What needs to be done - In the records below, find the line containing "Bridgestone Blizzak LM25" and the line containing "Louis Vuitton Imagination Fragrance". Give again exactly those lines and every line between them, omitting the pictures.

Provided information -
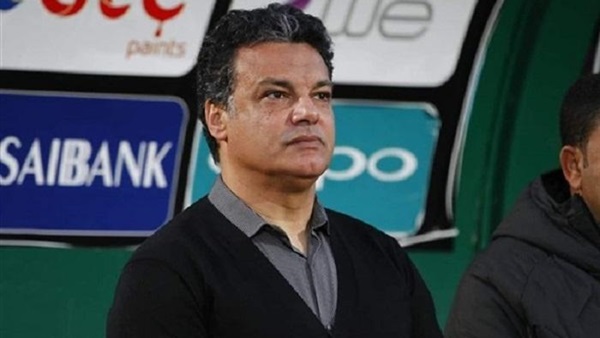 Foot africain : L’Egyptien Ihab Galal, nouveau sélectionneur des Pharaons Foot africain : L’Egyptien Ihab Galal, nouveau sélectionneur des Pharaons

==

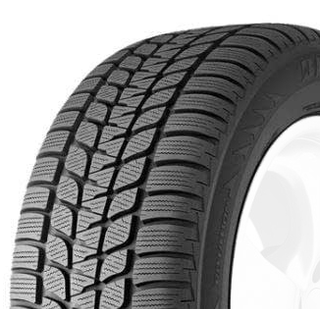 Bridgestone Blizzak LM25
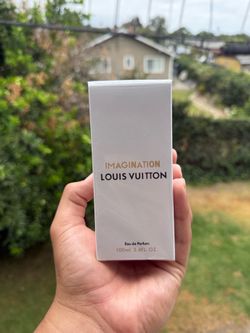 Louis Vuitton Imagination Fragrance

Exercise response -
 Bridgestone Blizzak LM25
 Louis Vuitton Imagination Fragrance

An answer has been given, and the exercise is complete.